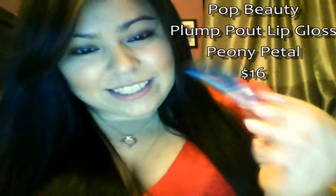The second thing is by Pop Beauty — I actually had their Smoking Hot Trio eyeshadows in my last bag, so now I have their lip gloss in the shade Peony Petal. The full size retails for $16, and this is actually a plumping lip gloss. They say it shines like a gloss but stays put like a stain, which will be interesting to try out. It also has avocado and jojoba oils, which should be good nutrients for your lips and make them extra soft.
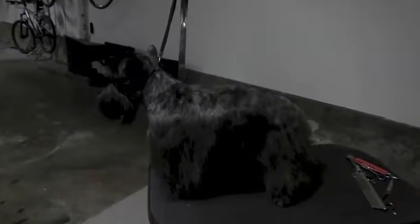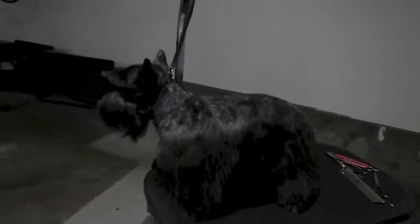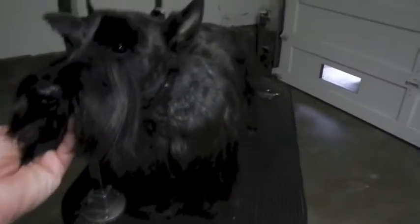Here's Monty, a very sweet little Scotty boy who's about two. I wanted to show the demarcation area between the saddle, which is here, and the skirt, and how it blends in — I've made it very natural. He's groomed every month and he leads a very active life, and in spite of that his skirt and furnishings have grown out nicely and beautifully. This is what one tries to achieve.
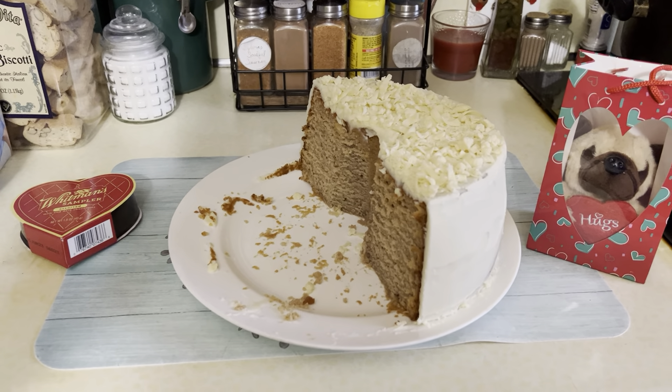Some people say you eat with your eyes and that's what you do first, but honey, when you put this in your mouth, this cake is so good — it's moist, it's rich, and it's light at the same time. I couldn't have asked for it to come out any better. The taste is 100, and I just wanted to share my Valentine's Day surprise — it did come out its best.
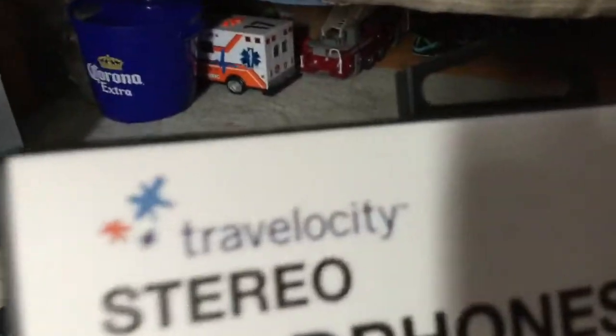These are the Travel Old City Stereo Headphones. It works with all smartphones, iPads, iPad Air, and tablets. On the side it says it works with smartphones, iPhone and iPod, iPad and iPad Air. Deep bass and everything — stereo headphones.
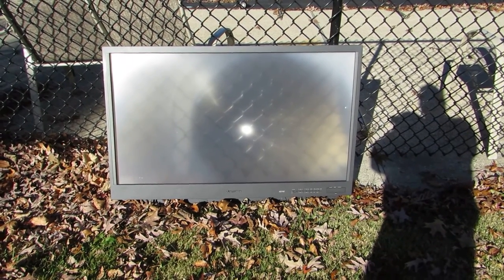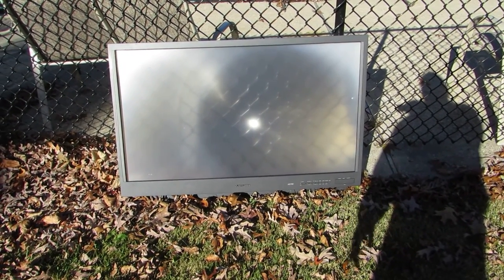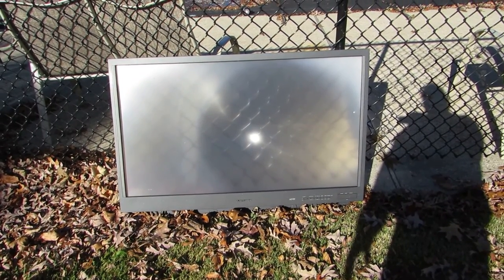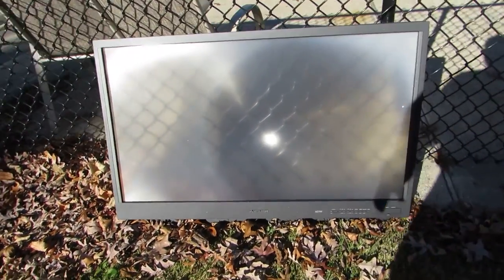This is a rear projection screen TV — or was. I took the screen out, and as you can see right there on the ground, you'll see where the sun's hitting that concrete. But if I just move this screen...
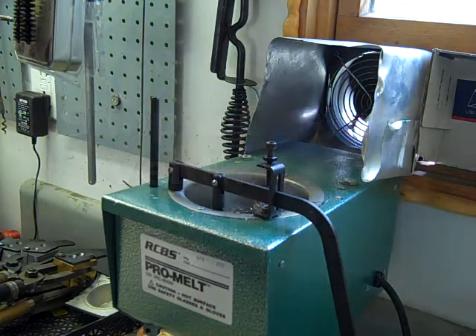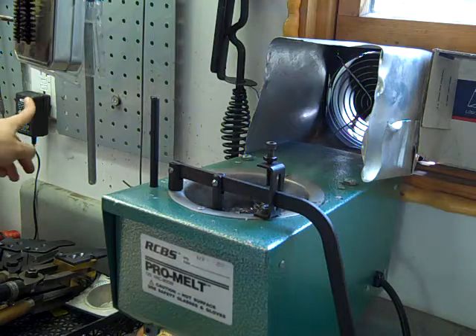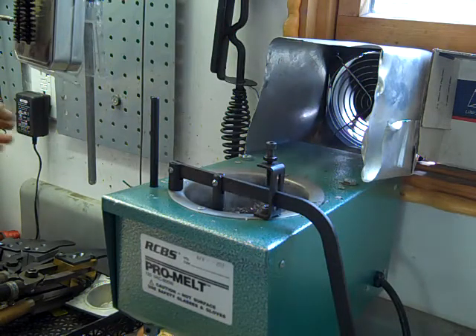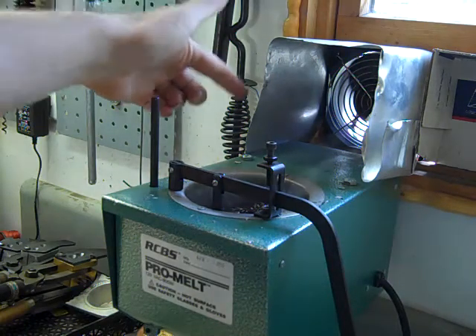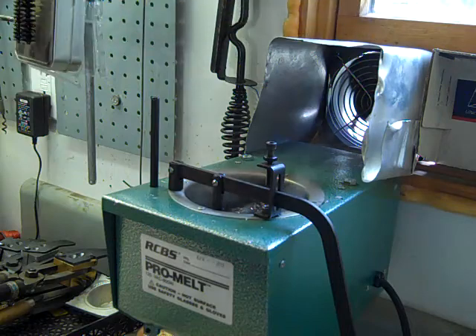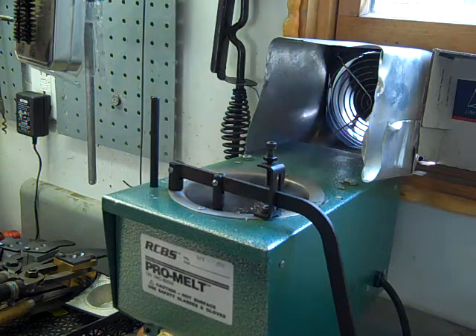This is how I finally settled on having this pot set up so that I can be in the garage here on the workbench and still have the fumes go outside. I have a large 12 volt fan out of a computer, and I wired it up to just a 12 volt power supply so that I can plug it in when I want to use it. Then I just built this little hood out of aluminum flashing, and it does a really good job at sucking everything out.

· · · · · · ·

## Task item
Reproduce each entry precisely. Leave the pictures out.

## Expected answer
The second thing is by Pop Beauty — I actually had their Smoking Hot Trio eyeshadows in my last bag, so now I have their lip gloss in the shade Peony Petal. The full size retails for $16, and this is actually a plumping lip gloss. They say it shines like a gloss but stays put like a stain, which will be interesting to try out. It also has avocado and jojoba oils, which should be good nutrients for your lips and make them extra soft.
Here's Monty, a very sweet little Scotty boy who's about two. I wanted to show the demarcation area between the saddle, which is here, and the skirt, and how it blends in — I've made it very natural. He's groomed every month and he leads a very active life, and in spite of that his skirt and furnishings have grown out nicely and beautifully. This is what one tries to achieve.
Some people say you eat with your eyes and that's what you do first, but honey, when you put this in your mouth, this cake is so good — it's moist, it's rich, and it's light at the same time. I couldn't have asked for it to come out any better. The taste is 100, and I just wanted to share my Valentine's Day surprise — it did come out its best.
These are the Travel Old City Stereo Headphones. It works with all smartphones, iPads, iPad Air, and tablets. On the side it says it works with smartphones, iPhone and iPod, iPad and iPad Air. Deep bass and everything — stereo headphones.
This is a rear projection screen TV — or was. I took the screen out, and as you can see right there on the ground, you'll see where the sun's hitting that concrete. But if I just move this screen...
This is how I finally settled on having this pot set up so that I can be in the garage here on the workbench and still have the fumes go outside. I have a large 12 volt fan out of a computer, and I wired it up to just a 12 volt power supply so that I can plug it in when I want to use it. Then I just built this little hood out of aluminum flashing, and it does a really good job at sucking everything out.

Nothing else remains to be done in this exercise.